Nel rispondere alle domande dei giornalisti oggi alla Casa Bianca, Trump ha ricordato che sono stati fatti accordi con «probabilmente quattro o cinque Paesi», indicando la Cina e il Regno Unito ed affermando che «siamo in procinto di farne altri». «Nel corso della prossima settimana e mezzo, o forse prima, invieremo una lettera a molti dei Paesi con cui abbiamo parlato, e diremo semplicemente quello che devono pagare per fare affari con gli Usa», ha aggiunto. «Per alcuni paesi che ci hanno truffato i dazi aumenteranno», ha detto Trump. «Interrotte con effetto immediato le trattative sul commercio con il Canada. Gli faremo sapere i dazi che pagherà per fare affari con noi». Lo ha scritto il presidente Trump su Truth Social.

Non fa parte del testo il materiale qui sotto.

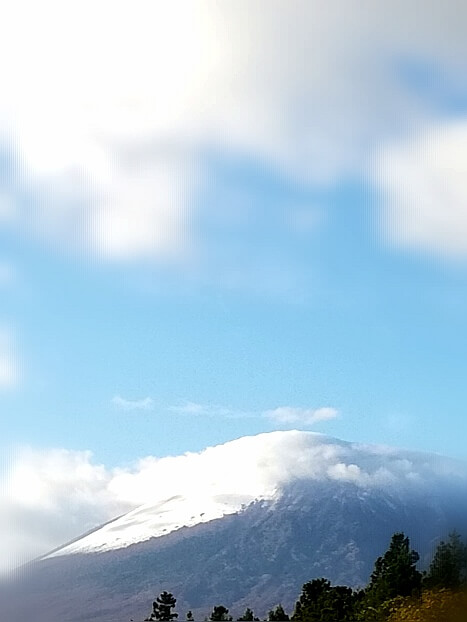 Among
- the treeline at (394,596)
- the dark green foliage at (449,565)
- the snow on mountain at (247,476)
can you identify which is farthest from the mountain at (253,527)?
the dark green foliage at (449,565)

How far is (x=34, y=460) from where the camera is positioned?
25.4 feet

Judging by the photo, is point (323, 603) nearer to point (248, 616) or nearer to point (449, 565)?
point (248, 616)


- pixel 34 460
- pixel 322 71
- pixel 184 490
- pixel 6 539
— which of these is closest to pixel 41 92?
pixel 322 71

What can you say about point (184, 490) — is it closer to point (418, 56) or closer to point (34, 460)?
point (34, 460)

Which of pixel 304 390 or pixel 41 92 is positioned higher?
pixel 41 92

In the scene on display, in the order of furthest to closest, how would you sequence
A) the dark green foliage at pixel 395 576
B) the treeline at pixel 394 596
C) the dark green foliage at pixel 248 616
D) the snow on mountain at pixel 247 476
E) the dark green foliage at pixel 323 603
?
1. the snow on mountain at pixel 247 476
2. the dark green foliage at pixel 248 616
3. the dark green foliage at pixel 323 603
4. the dark green foliage at pixel 395 576
5. the treeline at pixel 394 596

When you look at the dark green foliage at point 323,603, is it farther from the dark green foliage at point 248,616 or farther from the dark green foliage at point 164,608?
the dark green foliage at point 164,608

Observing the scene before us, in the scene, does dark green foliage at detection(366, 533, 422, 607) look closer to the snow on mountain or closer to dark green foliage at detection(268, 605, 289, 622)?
dark green foliage at detection(268, 605, 289, 622)

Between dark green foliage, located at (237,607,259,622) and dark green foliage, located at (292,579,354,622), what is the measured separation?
0.43 metres

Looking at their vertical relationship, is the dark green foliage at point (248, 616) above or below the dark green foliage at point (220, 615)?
below

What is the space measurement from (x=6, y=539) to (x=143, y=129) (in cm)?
303

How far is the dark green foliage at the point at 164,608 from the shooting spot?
854cm

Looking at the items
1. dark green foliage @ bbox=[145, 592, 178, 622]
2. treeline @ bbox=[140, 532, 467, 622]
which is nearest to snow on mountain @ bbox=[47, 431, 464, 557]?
dark green foliage @ bbox=[145, 592, 178, 622]

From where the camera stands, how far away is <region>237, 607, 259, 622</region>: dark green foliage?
8.28 metres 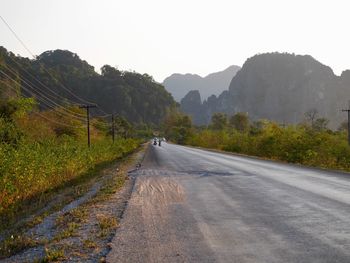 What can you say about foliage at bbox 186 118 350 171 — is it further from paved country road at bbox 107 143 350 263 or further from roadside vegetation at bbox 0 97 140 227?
roadside vegetation at bbox 0 97 140 227

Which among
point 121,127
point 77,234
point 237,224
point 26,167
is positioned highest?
point 121,127

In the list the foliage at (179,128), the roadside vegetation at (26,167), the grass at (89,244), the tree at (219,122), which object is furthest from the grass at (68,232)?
the tree at (219,122)

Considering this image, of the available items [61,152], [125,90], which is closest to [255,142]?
[61,152]

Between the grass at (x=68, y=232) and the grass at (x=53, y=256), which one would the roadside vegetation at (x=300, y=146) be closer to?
the grass at (x=68, y=232)

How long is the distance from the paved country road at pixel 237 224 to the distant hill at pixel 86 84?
84820 mm

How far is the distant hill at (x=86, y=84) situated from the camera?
98.4 meters

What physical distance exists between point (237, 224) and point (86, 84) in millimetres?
145485

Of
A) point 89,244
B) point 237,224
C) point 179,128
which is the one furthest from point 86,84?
point 89,244

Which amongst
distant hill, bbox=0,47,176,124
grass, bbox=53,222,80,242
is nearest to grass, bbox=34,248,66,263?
grass, bbox=53,222,80,242

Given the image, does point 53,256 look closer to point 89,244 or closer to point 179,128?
point 89,244

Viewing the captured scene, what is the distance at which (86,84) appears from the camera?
149 metres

Il presidente Donald Trump ha invitato «a tornare a scuola di economia» coloro che vedono nei dazi una minaccia di recessione. «Abbiamo guadagnato» ha aggiunto «88 miliardi di dollari in dazi, sta entrando molto denaro ma, cosa più importante, le compagnie stanno trasferendo da noi i loro impianti, come quelle automobilistiche».